━━━━━ Study material

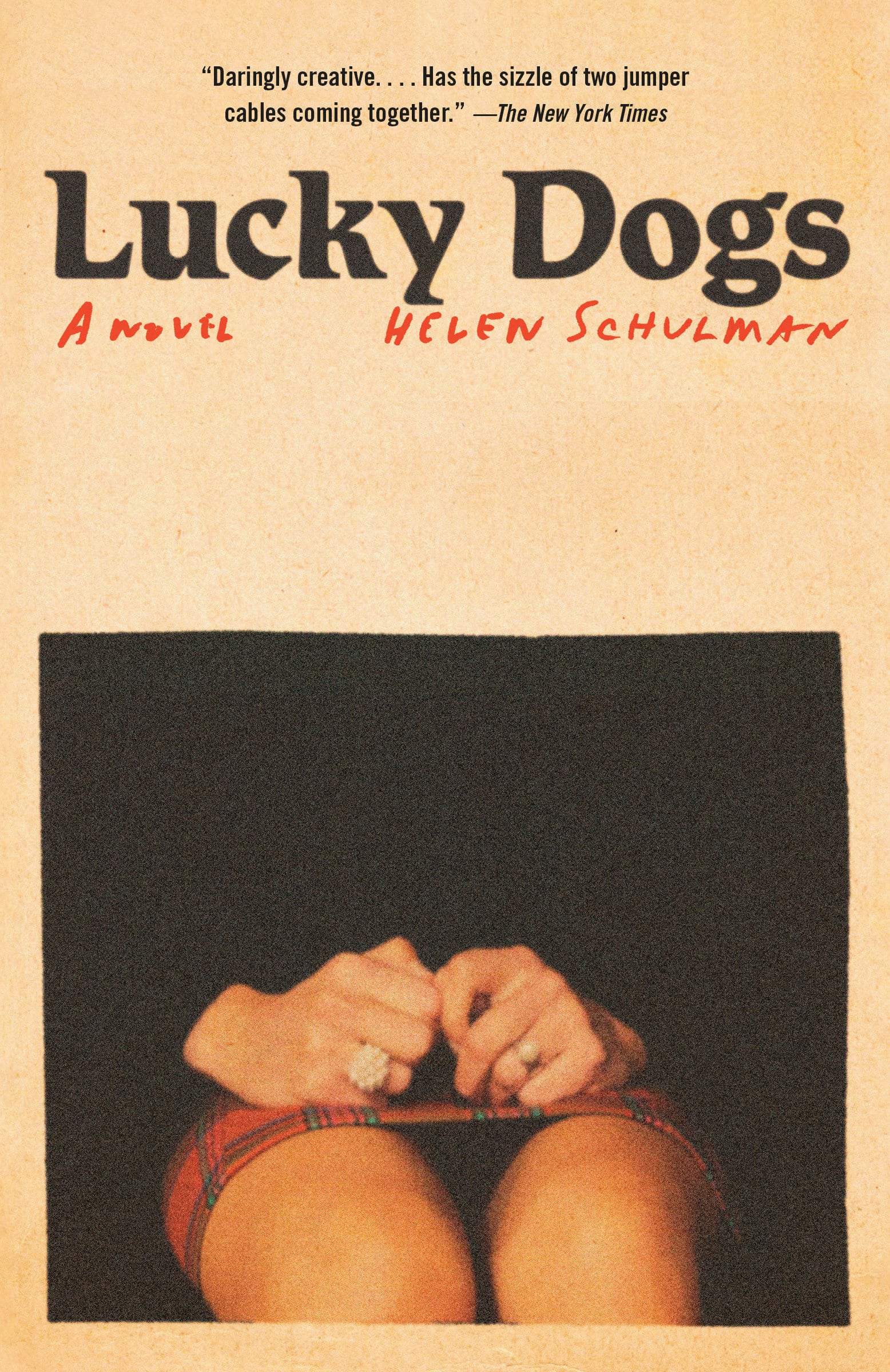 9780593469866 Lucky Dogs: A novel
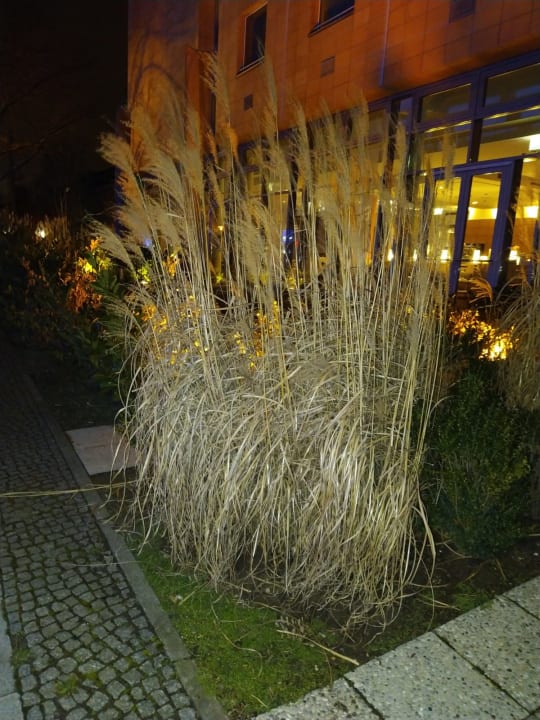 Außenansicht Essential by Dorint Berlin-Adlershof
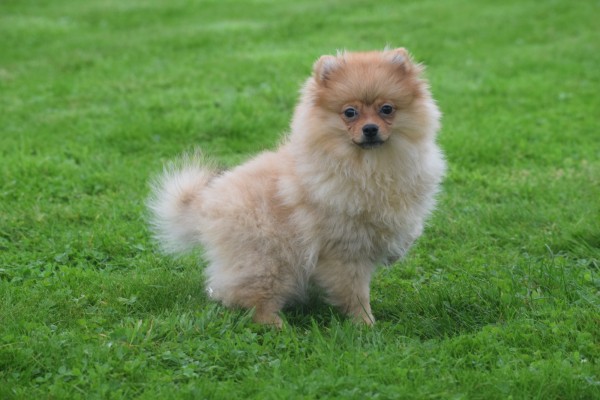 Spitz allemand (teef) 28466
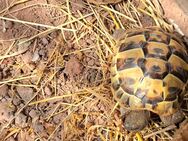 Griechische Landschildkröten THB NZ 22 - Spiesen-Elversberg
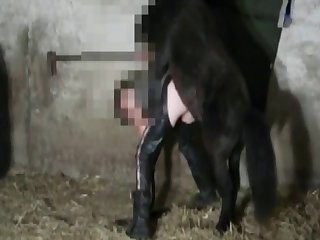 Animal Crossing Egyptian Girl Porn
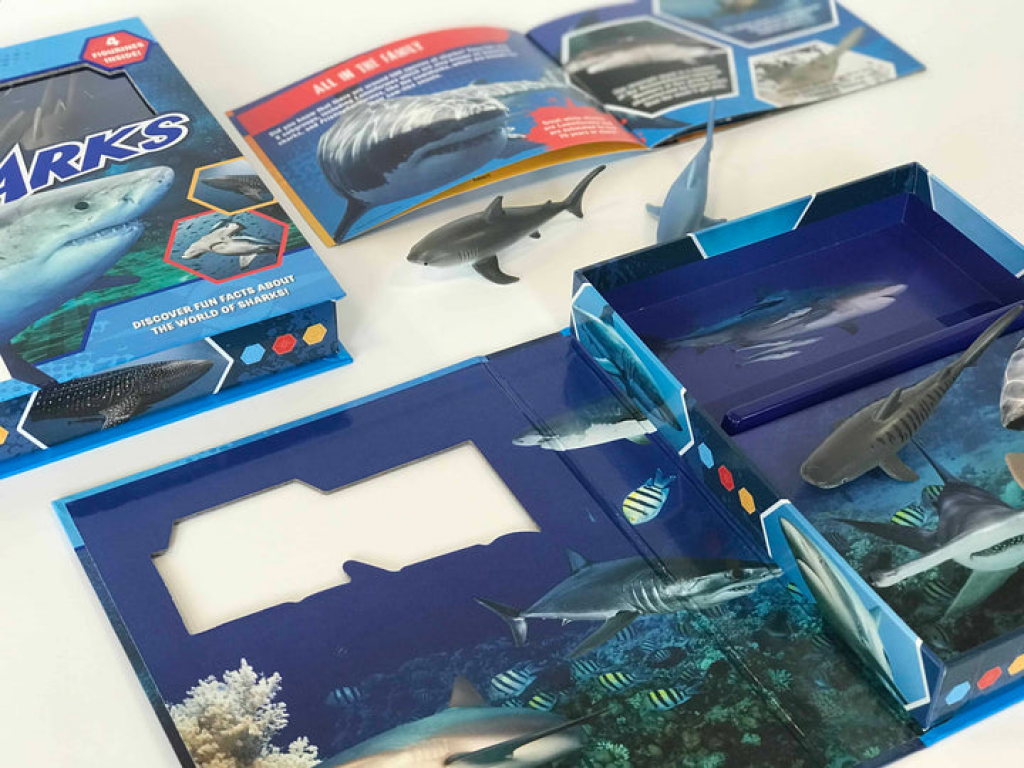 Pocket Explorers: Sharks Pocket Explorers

━━━━━━━━━━
━━━━━ Study material

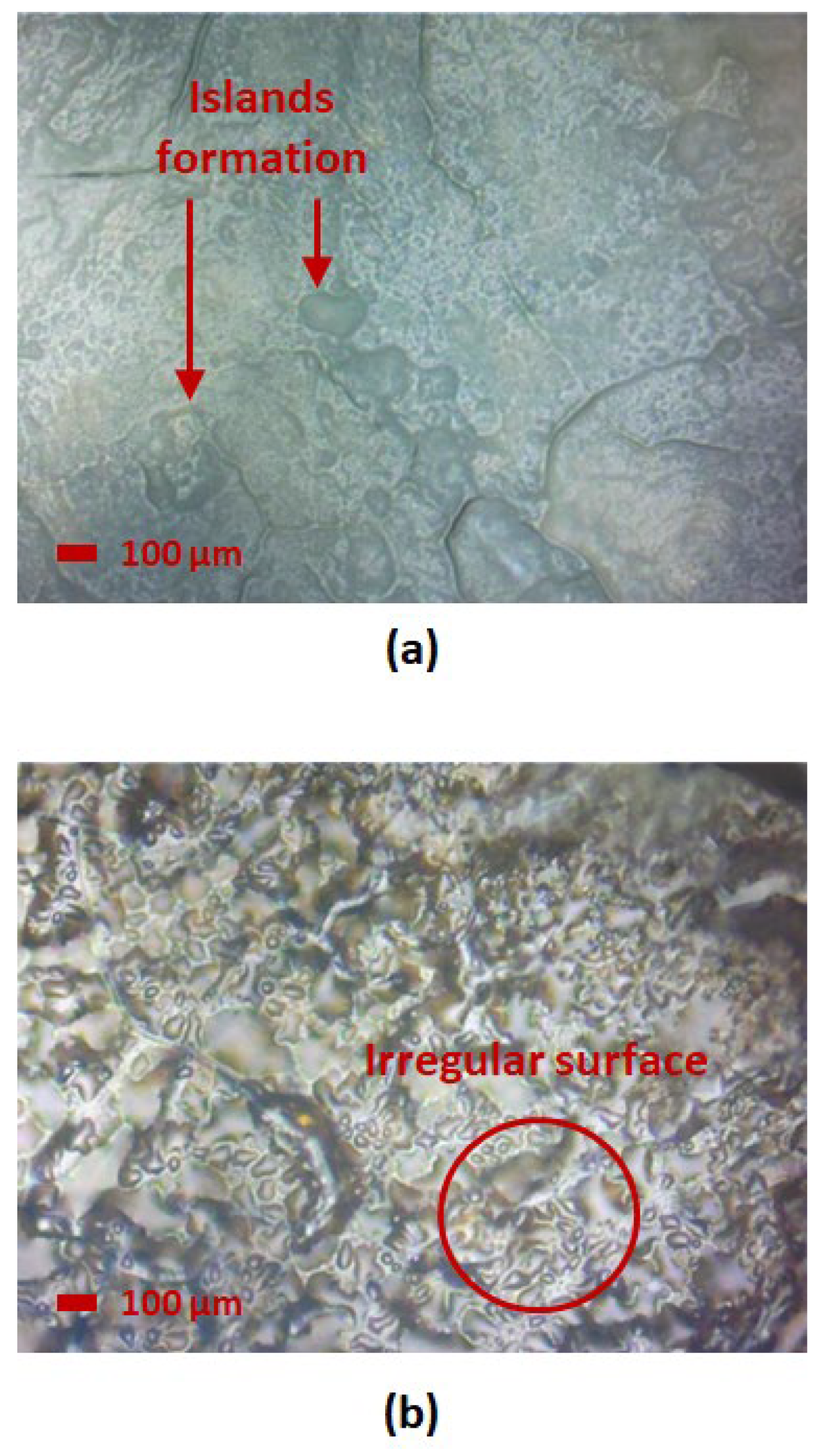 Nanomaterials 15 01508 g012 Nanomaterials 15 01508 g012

━━━━━━━━━━

Assignment: Going by the data above, give back only the lines from the one containing "9780593469866 Lucky Dogs: A novel" through the one containing "Pocket Explorers: Sharks Pocket Explorers", exactly as they stand, both ends included and no images.

Solution:
 9780593469866 Lucky Dogs: A novel
 Außenansicht Essential by Dorint Berlin-Adlershof
 Spitz allemand (teef) 28466
 Griechische Landschildkröten THB NZ 22 - Spiesen-Elversberg
 Animal Crossing Egyptian Girl Porn
 Pocket Explorers: Sharks Pocket Explorers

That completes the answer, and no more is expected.